◆ Activity: Count the lines in the data below that have "Used" in them, and reply with only that number.

◆ Information provided:
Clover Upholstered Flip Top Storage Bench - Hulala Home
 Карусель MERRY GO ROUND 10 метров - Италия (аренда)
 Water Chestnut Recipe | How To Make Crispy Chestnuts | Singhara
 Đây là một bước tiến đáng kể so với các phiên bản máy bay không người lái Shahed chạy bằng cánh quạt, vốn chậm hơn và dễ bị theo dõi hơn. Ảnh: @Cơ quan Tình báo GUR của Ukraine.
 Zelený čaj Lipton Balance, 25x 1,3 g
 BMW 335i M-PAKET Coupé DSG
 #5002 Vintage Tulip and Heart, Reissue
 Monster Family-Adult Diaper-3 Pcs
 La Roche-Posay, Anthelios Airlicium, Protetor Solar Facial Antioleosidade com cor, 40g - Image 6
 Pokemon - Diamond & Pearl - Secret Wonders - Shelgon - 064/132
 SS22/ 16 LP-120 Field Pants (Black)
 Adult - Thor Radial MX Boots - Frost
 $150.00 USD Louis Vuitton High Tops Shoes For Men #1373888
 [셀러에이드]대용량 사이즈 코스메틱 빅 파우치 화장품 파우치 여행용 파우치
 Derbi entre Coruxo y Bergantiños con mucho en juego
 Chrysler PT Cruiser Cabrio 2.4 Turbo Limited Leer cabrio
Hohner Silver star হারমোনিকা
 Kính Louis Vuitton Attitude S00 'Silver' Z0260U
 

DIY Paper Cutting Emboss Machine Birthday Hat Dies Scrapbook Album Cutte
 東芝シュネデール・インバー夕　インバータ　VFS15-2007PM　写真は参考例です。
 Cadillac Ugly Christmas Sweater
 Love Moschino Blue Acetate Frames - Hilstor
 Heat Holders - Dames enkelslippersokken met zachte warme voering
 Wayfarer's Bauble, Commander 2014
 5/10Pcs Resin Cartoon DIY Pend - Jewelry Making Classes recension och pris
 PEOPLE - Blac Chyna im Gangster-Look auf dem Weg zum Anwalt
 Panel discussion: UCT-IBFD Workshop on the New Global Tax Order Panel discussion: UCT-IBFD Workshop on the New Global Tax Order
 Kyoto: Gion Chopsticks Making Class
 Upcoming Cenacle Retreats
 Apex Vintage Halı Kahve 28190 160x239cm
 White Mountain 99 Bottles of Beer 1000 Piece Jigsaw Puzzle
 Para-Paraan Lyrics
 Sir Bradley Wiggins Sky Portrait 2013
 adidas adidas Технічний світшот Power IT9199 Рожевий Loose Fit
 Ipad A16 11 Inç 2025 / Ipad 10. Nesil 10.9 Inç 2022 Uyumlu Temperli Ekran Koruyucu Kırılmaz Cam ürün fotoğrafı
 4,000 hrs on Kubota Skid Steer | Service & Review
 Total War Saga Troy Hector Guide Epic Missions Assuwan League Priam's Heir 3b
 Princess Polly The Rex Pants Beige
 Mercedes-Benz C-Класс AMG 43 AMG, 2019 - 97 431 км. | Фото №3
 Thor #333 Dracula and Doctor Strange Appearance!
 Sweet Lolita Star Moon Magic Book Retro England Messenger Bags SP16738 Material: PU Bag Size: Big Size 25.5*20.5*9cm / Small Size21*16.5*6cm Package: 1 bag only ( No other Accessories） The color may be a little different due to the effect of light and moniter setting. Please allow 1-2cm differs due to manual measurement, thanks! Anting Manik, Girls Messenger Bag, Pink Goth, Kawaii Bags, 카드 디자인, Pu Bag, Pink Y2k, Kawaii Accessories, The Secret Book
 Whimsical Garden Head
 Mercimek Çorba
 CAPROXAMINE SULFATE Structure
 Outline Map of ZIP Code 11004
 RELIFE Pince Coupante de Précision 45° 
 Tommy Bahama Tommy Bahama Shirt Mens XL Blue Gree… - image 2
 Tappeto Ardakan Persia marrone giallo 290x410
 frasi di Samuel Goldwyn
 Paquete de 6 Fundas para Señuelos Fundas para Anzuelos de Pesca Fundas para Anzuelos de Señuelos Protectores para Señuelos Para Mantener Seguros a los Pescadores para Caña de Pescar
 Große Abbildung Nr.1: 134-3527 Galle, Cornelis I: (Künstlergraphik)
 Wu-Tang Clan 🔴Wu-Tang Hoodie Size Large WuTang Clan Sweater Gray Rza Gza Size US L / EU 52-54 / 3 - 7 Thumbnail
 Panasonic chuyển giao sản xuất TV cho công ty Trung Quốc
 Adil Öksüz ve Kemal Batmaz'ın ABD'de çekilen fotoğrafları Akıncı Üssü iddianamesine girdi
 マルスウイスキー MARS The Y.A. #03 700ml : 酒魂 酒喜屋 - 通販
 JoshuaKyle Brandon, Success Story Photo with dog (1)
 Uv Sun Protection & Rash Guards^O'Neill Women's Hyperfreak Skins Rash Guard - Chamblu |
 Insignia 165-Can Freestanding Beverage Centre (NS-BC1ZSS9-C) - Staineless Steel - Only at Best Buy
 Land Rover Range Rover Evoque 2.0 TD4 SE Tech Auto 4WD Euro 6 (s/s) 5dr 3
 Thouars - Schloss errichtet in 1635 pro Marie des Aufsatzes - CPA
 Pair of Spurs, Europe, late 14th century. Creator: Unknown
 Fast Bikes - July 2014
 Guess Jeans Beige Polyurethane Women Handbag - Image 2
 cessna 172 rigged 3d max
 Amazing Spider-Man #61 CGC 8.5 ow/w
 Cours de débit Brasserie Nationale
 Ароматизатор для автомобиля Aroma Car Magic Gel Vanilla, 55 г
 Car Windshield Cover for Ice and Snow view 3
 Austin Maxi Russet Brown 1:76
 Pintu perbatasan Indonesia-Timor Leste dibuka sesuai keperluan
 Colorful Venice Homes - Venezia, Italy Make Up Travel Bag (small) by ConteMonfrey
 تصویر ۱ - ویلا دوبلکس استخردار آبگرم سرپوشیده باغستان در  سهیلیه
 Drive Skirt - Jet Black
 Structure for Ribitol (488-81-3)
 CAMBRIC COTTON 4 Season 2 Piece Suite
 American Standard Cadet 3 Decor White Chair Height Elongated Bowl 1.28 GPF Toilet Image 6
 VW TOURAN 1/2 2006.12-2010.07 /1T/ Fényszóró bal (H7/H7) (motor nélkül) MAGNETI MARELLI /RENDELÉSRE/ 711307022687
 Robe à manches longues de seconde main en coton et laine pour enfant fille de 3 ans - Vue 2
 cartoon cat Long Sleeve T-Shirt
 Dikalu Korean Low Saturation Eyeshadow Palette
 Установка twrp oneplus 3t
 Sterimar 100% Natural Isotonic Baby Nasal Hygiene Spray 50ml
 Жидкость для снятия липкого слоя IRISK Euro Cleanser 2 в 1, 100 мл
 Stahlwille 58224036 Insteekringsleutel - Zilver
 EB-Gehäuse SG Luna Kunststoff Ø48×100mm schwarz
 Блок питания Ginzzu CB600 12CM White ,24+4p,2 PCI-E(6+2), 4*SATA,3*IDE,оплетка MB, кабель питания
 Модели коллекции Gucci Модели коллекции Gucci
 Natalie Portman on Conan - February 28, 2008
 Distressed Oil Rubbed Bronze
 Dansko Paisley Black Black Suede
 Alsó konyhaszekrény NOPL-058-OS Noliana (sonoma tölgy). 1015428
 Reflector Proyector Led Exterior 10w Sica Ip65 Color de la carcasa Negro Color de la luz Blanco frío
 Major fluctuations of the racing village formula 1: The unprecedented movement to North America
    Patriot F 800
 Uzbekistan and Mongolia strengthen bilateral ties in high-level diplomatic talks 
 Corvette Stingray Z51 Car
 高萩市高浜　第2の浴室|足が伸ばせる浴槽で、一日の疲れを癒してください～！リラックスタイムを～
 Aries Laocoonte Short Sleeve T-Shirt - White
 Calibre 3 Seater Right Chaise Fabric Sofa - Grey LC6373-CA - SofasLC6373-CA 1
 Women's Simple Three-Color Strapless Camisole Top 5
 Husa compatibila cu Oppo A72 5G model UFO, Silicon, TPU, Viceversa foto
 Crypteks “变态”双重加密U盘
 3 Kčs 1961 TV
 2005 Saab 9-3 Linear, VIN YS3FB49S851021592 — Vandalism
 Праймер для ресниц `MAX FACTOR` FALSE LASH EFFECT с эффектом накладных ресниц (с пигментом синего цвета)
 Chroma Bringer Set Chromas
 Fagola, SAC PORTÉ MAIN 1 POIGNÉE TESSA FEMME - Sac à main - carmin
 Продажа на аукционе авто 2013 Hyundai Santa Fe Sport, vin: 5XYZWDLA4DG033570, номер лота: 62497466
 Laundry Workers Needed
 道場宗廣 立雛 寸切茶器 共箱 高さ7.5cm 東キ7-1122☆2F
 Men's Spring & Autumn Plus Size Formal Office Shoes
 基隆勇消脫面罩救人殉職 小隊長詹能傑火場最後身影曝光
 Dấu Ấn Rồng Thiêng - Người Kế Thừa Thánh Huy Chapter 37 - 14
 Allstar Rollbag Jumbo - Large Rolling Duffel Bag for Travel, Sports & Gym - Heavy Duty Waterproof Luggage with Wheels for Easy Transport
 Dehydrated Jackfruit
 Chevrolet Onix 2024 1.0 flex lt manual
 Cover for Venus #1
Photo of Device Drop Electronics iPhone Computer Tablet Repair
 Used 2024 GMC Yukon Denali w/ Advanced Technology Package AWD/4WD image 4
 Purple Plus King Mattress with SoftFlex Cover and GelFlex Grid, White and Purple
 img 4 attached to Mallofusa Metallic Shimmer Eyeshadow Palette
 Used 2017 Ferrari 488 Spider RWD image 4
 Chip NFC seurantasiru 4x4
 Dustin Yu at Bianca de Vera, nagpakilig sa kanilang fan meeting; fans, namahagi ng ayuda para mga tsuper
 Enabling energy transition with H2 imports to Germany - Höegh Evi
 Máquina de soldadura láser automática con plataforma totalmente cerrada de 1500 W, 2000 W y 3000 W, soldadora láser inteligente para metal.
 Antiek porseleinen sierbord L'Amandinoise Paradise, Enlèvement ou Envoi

◆ Task output: 2